Dla legniczan był to historyczny dzień, gdyż po raz pierwszy mieli okazję zmierzyć się na tak wysokim poziomie. Mimo że pogoda nie sprzyjała, to gra w dużym upale nie wpłynęła negatywnie na postawę zawodników, którzy idealnie gospodarowali energią w tym spotkaniu. Dla Pogoni Szczecin rywalizacja w Ekstraklasie to już rutyna, dlatego bez większego stresu zaczęli otwierać swoją grę.
Miedziowi początkowo z dużą rezerwą raczej przyglądali się temu, jak grają goście. Gdy pierwsze emocje już opadły w szeregach legniczan, zaczęli wyłaniać się poszczególni zawodnicy, którzy starali się dotrzymać kroku przyjezdnym. Podopieczni Kosty Runjaicia nie zlekceważyli przeciwnika i po kilkunastu minutach mieli na swoim koncie parę groźnych akcji. Gospodarze również coraz śmielej zaczęli zbliżać się do pola karnego Portowców. Gdyby beniaminek miał więcej szczęścia, to już w pierwszej połowie mogliby uzyskać prowadzenie. Jednak zabrakło precyzyjnego wykończenia strzału.
Zdecydowanie mniej cierpliwości w oczekiwaniu na bramkę miał trener Pogoni, który w 46. Minucie podjął decyzję o zdjęciu Sebastiana Kowalczyka w miejsce, którego wszedł Zvonimir Kozulij. Również szkoleniowiec Miedzi postanowił zmienić trochę układ na boisku, dając szansę Forsellowi oraz Fabianowi Piaseckiemu. Jak się później okazało, było to bardzo dobre posunięcie. Gdy już wydawało się, że kibice będą świadkami bezbramkowego remisu, do akcji wkroczył Petteri Forsell. 27-letni Finlandczyk celnie wycelował w światło bramki i w doliczonym czasie dał prowadzenie swojej drużynie.
Gdyby nie zdobyty gol, debiutanci Ekstraklasy mogliby zaliczyć to spotkanie najwyżej do poprawnych. Polskie Zakłady Bukmacherskie nie wskazywały na takie rozpoczęcie. Na szczęście dla nich w końcówce swoje umiejętności zaprezentował pomocnik reprezentacji Finlandii. Natomiast po stronie gości było widać zaangażowanie, niestety w najważniejszym momencie zawiodła obrona, która zlekceważyła to, że do pola karnego zbliża się przeciwnik.
Przed rozpoczęciem tego spotkania dużo osób zastanawiało się, czy piłkarze Miedzi nie przestraszą się gry w Ekstraklasie.
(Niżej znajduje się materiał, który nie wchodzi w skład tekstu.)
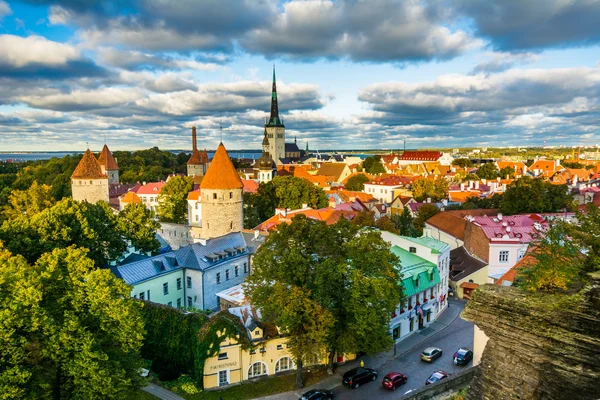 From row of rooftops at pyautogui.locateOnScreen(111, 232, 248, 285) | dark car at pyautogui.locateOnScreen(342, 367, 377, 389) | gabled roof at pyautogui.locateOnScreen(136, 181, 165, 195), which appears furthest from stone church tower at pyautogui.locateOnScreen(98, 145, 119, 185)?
dark car at pyautogui.locateOnScreen(342, 367, 377, 389)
Udźwignięcie presji takiego meczu nieraz kończyło się dużym płaczem innych drużyn, tymczasem Miedziowi weszli w rywalizację, jakby był to dla nich przynajmniej drugi sezon w lidze. Największy sprawdzian czeka ich z czołowymi klubami, które na pewno będą chciały pokazać swoją dominację.
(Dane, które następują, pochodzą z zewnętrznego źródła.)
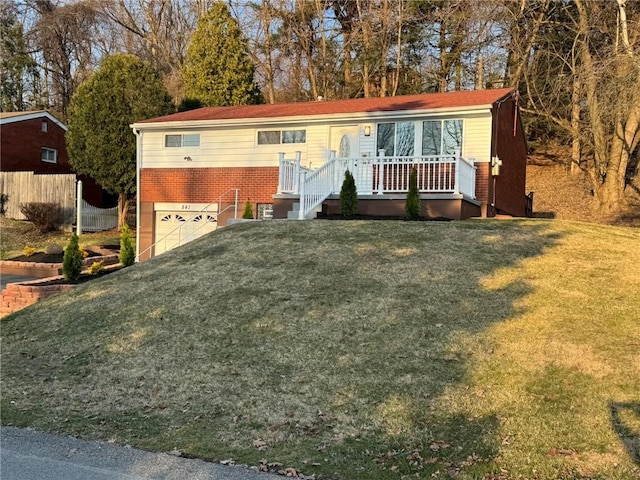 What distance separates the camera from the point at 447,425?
14.5ft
Zawodnicy Pogoni mieli swoje szanse, ale podobnie jak to bywało w ubiegłym sezonie, nawet stuprocentowe sytuacje potrafili koncertowo zepsuć. Mimo że szukali okazji do zdobycia bramki, to gdy na zegarze pokazywało się coraz mniej minut do gwizdka sędziego, wyglądali, jakby remis był dla nich satysfakcjonujący. Nie zdołali tylko przewidzieć, że po drugiej stronie boiska jest drużyna głodna zwycięstw, która chce jak najlepiej prezentować się w lidze.